After five years of imprisonment in a cellar of hell guarded by terrorists, refused even a humanitarian visit from the Red Cross, Gilad is now home with Noam and Aviva Shalit, the father and mother who for years, camped out in front of the Prime Minister’s Office to draw attention to their son’s plea.

Since the Shalits erected their tent off of, interestingly enough, Gaza Street, I visited them during a few trips to Jerusalem. They were the most dedicated parents one could ever meet; after looking at the pain in their eyes, it was impossible to forget young Gilad during daily prayers.

Thousands of us, joined by those who never knew the family, have dedicated good deeds in Gilad’s merit, yearning for the day that he would one day know freedom.

My nine-year-old daughter Moussie, who was moved by her own visit with the Shalits, decided to write a letter to Gilad a few days before Rosh Hashanah this year.
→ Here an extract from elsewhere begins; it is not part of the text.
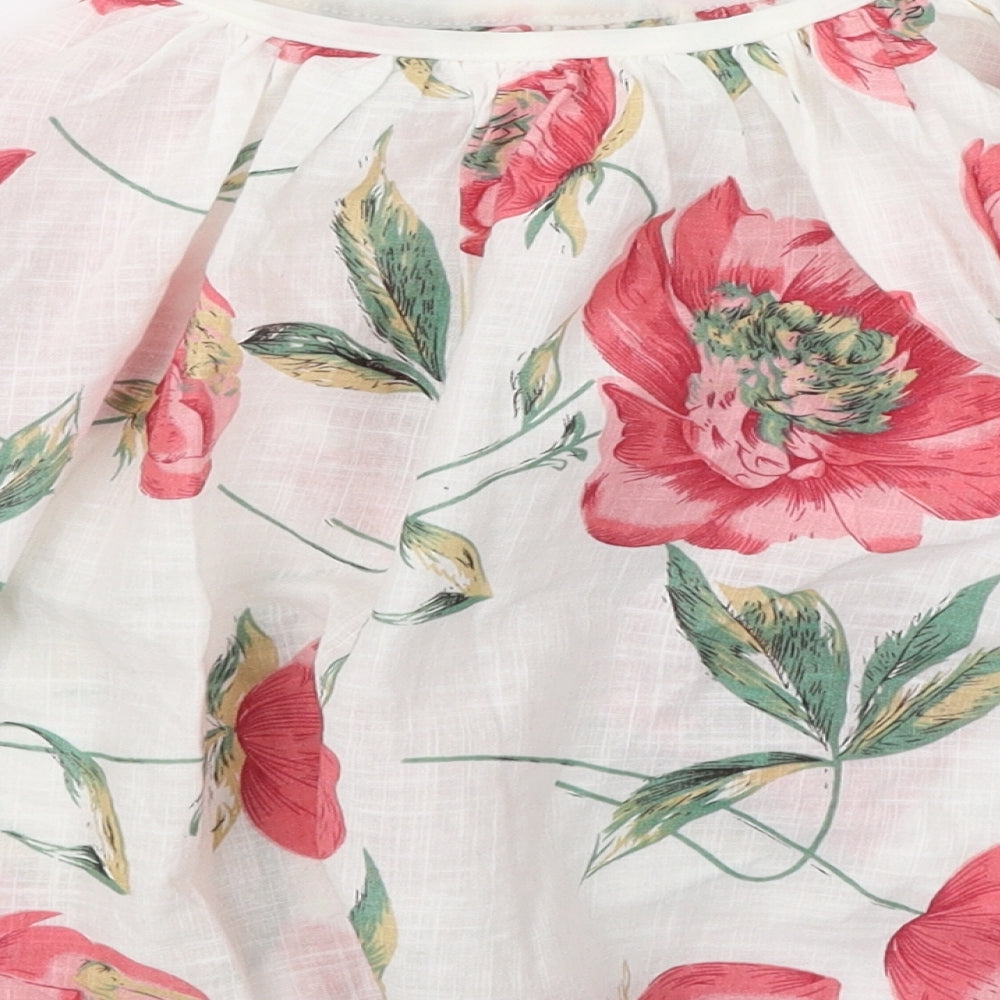 Preworn Girls White Floral Flare Skirt Size 10 Years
A school project had students extend High Holiday greetings to people they cared about, and she couldn’t think of anyone more appropriate than this man she never met.

“My wish for the New Year is for you to finally get back to your parents and family who love you and miss you so dearly,” she wrote, signing her letter “A Caring Girl” and fully aware that Gilad might never see it. “All of Israel, all the Jewish people in the world, and, I am sure, all good and kindhearted people on earth join me in this wish.”

Last week, during a family trip to my brother’s Chabad House in Alabama, we learned that Gilad would soon be home.

Words cannot describe our elation upon seeing the headlines.

But the feelings of relief, of happiness and of joy soon gave way to trepidation and fear as news of the price – 1,027 prisoners and terrorists! – trickled through.

That evening I saw on Facebook the efforts of Arnold Roth, whose 15-year-old daughter Malki was among the 15 others cut down by a suicide bomber’s blast outside the Sbarro pizzeria in 2001. Mr. Roth noted that as part of the Israeli government’s deal with Hamas, it would be releasing Ahlam Tamimi, the woman who helped plan and carry out the attack that took his daughter’s life. Five years ago, this same terrorist famously exclaimed: “I’m not sorry for what I did.”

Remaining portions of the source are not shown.